After he was made “redundant” he went out with his co-workers for dinner and drinks at their favorite hangout-the Edgewater Inn.
He over did it plowing his car into a concrete barrier designed to keep cars off the rail tracks. Car was totaled – insurance had lapsed.
“Hey, the good thing was I pushed the car onto the lot near the art college for the night. If the cops had of arrived I would have been in the clink for sure!”
We would meet near the camp Christmas tree.
George told me he had a small storage unit across town that he was going to visit to get a few items to hock or sell. He was down to less than ten bucks and needed to get whatever he could get before tackling Social Security to investigate what might be available to him. He told me that avenue was a bust a few years ago but he wanted to try again.
As I was thinking about the expense of a storage unit he read my mind telling me it belonged to a friend who gave him the combination. I guess he thought I was going to ask about the expense of a unit. I wasn’t going to -
An appointment I had scheduled for later in the morning had cancelled, via a text, while we were having coffee. I told him I’d run him around for a couple of hours.
“Got a couple of binoculars and the last of anything silver. Should fetch a couple of hundred, I hope.”
George thought he’d get at least a hundred for the two of them. His wife had given him the better set for his birthday one year so he was determined to “hock’ them getting them back as soon as possible.
Along with the binoculars he had three one-ounce pure silver bars he had given his wife on their last wedding anniversary.
They were limited edition bars with Christmas scenes carved on them.

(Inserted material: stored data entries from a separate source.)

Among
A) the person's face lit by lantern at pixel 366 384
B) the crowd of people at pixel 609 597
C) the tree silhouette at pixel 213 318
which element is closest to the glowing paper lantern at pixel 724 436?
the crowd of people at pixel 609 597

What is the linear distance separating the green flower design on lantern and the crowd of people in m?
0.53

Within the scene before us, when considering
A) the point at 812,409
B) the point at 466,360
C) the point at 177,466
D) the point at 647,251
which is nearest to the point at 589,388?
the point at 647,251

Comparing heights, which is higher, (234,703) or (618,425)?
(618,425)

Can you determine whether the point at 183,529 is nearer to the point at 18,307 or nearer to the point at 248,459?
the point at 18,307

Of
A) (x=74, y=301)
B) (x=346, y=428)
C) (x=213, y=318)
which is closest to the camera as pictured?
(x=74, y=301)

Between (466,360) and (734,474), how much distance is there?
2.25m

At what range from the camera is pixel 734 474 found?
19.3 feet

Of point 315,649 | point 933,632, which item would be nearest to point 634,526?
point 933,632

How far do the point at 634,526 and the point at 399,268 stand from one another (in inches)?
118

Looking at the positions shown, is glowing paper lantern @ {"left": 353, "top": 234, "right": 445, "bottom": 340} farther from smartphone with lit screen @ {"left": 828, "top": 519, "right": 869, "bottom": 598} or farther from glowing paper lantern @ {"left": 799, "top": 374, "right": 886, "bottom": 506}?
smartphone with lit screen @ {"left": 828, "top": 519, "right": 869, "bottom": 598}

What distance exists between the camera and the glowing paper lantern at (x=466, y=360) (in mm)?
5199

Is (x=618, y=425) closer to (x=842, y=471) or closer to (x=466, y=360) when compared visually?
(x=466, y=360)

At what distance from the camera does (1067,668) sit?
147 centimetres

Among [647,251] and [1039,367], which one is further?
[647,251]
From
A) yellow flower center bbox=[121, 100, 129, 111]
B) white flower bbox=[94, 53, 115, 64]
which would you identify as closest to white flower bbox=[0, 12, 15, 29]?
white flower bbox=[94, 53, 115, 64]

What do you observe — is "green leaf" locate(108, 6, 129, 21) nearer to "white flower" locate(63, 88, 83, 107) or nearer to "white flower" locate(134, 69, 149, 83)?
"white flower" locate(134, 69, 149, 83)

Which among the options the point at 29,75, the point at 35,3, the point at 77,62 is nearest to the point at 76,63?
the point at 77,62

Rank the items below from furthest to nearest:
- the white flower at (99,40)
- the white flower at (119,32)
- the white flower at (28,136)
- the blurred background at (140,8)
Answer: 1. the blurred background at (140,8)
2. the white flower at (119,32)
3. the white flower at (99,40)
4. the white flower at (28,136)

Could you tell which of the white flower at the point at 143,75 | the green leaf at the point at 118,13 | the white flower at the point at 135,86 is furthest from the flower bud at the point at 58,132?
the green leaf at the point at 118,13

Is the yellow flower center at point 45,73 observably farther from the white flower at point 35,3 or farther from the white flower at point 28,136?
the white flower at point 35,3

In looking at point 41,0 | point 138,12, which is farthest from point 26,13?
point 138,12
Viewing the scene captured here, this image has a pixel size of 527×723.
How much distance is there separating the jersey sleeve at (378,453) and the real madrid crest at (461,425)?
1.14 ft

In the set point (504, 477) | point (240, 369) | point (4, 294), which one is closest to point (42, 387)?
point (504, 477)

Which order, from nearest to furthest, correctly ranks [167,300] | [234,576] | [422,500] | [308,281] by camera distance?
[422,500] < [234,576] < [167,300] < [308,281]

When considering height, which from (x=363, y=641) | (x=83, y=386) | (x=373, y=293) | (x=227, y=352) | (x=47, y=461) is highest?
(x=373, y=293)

He married during the holiday season thirty plus years ago.
Neither of us had ever been in a hockshop so we had no idea what to expect.
The store was immaculate.
A Christmas tree and a platter of cookies on a side table invited us to browse brightly lit counters and shelves full of inexpensive goodies.
George got in line as I wandered around the store looking at treasures people had either sold or forgotten to retrieve.
The proprietor looked at the silver through a loop complimenting the engravings.
A few minutes passed before the man looked at George telling him he could give him $15.00 for the binoculars and .20 cents per gram for the silver bars. A total touching $35.00.
The very moment George heard the offered price it seemed as if both had taken a sabbatical.
Similar to the characters starring in lame television situational dramas I asked the man to repeat what he said even though he had been very clear. He explained that he needed to have a margin to sell the items if the client never came back into the shop.
George reverently wrapped the silver ingots placing them back in the little bag he had laid on the counter.
On the way to the car George reached into his pocket to drop some coins into a Salvation Army bucket. He got a “God bless you” from the lady swinging the bell.
I called a couple of dealers to find out that the best deal was based on silver content. Neither of the places I called cared what the pieces were as they were only interested in purity and weight. Best price was .61 cents a gram.
“Here, look at this.” He said handing me an envelope.
On the outside of the envelope someone had written, “my daughter wrote the note inside.”
I opened it up way too slowly for George. Inside was a note bordered by drawings of a Christmas tree and a snowman. Little birds were circling an angel perched on the top of the tree. The snowman had an immense hat with a red bow prominently displayed left of center.
Daddy told us about you when he came home tonight. He said he heard your wife had died and you have no job. We are so sorry that has happened to you. We know you must be sad but we want you to be happy at Christmas - not sad. Daddy said you felt like a very nice man and he is usually right about such things. We will say prayers for you.
Jennifer, Amy, Jimmy
This was totally the kids’ idea. They decided to share what they had saved with you. We added to their gift. Merry Christmas.